> **DATA SEGMENT**

*-*-*

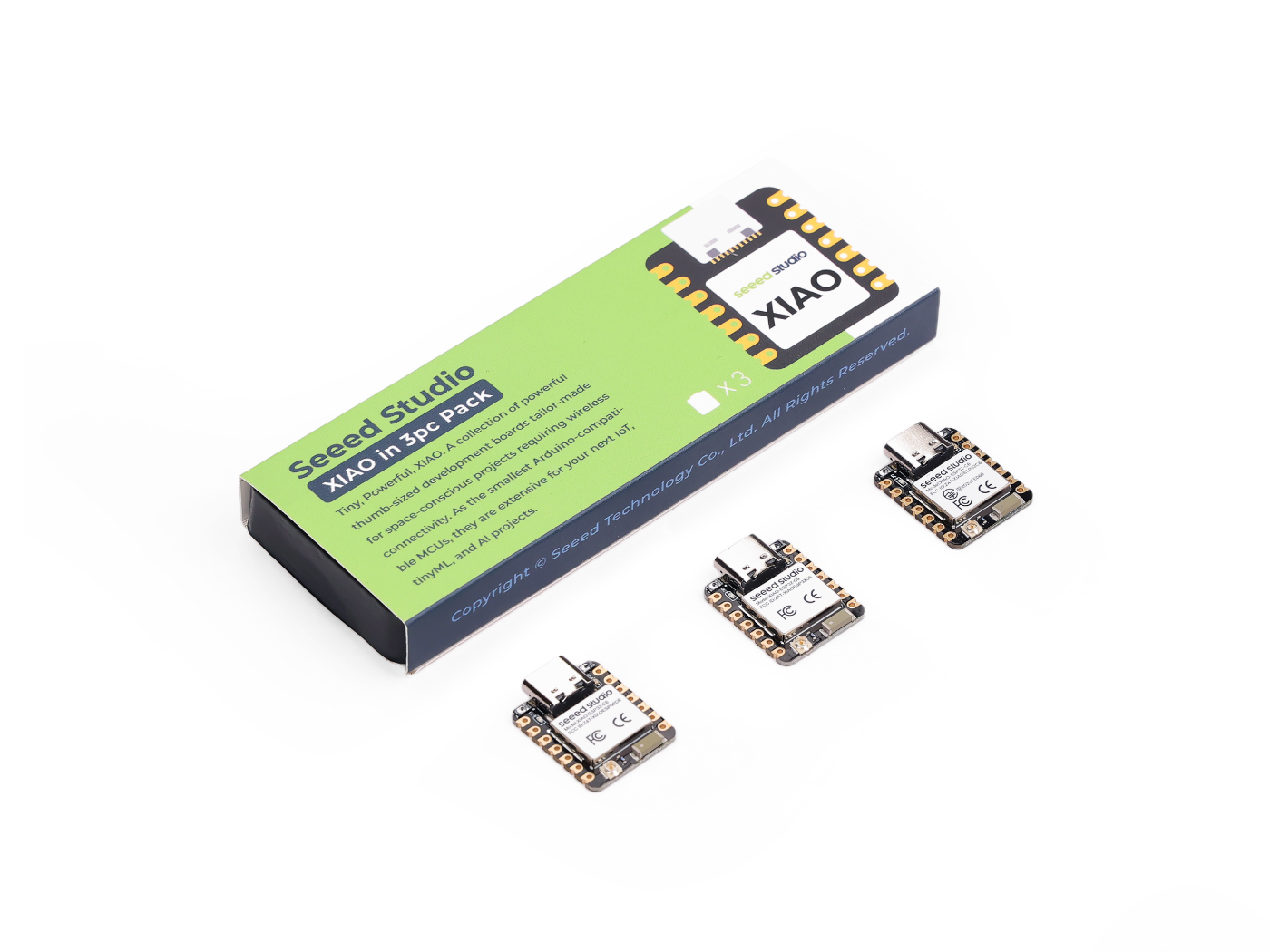 Placa de Desarrollo Mini ESP32 - Display Epaper 2.9 reseña y precio
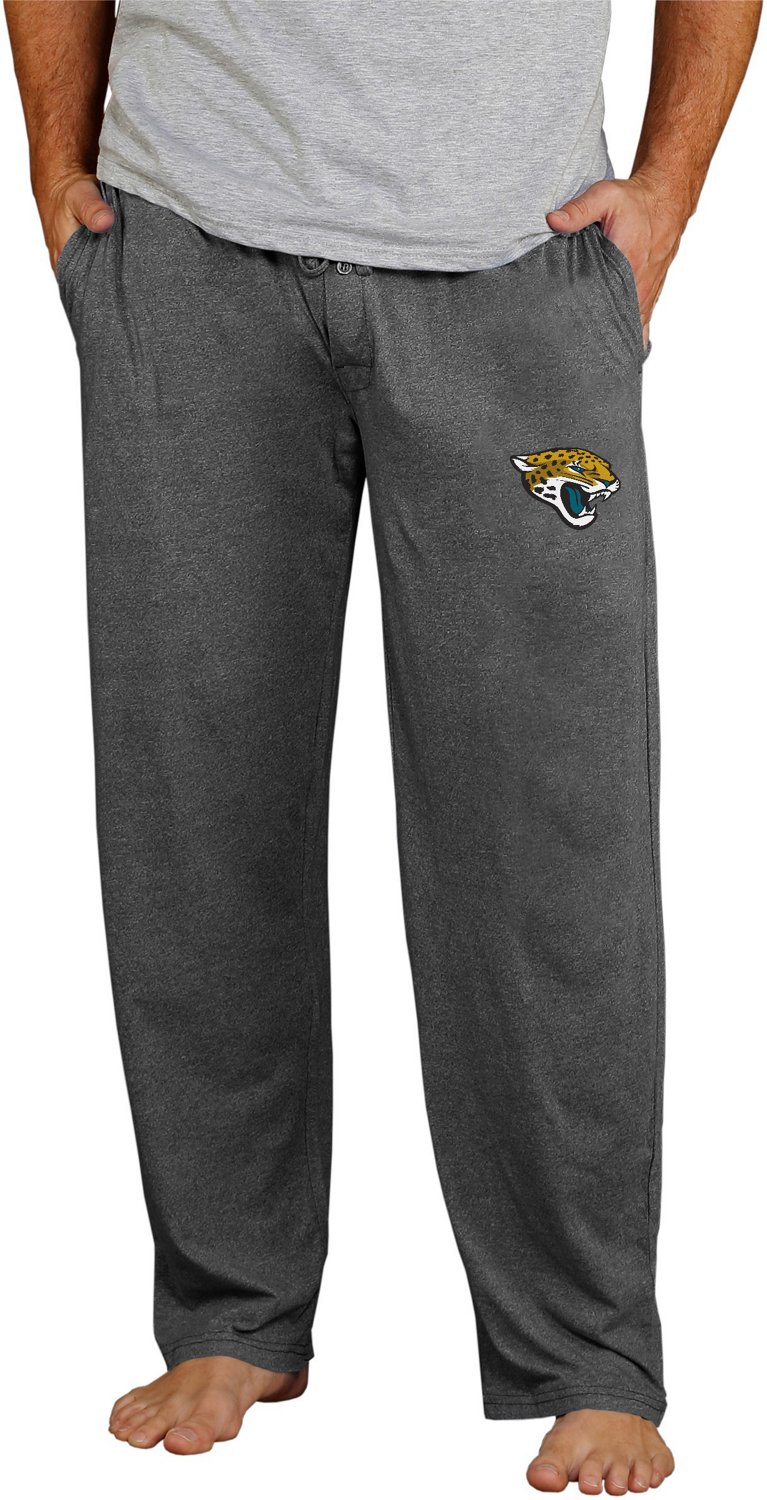 College Concept Men's Jacksonville Jaguars Quest Knit Pants | Academy
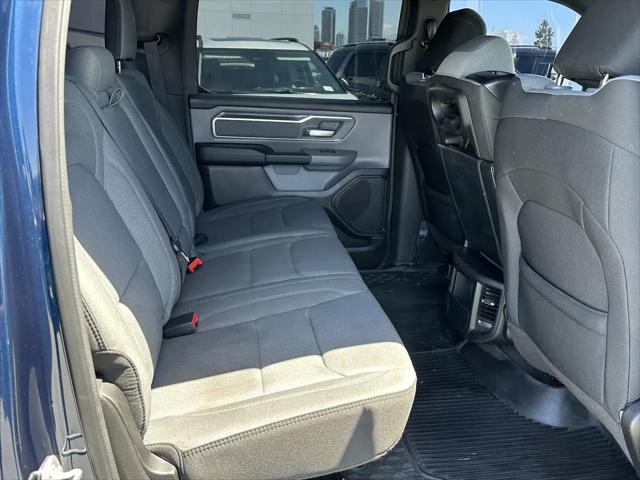 2022 Ram 1500 Big Horn Crew Cab 4x2 5'7" Box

*-*-*

> **ACTION ITEM**
Would you print the material exactly once more, without any of its pictures?

> **ANSWER FOR THIS EXERCISE**
 Placa de Desarrollo Mini ESP32 - Display Epaper 2.9 reseña y precio
 College Concept Men's Jacksonville Jaguars Quest Knit Pants | Academy
 2022 Ram 1500 Big Horn Crew Cab 4x2 5'7" Box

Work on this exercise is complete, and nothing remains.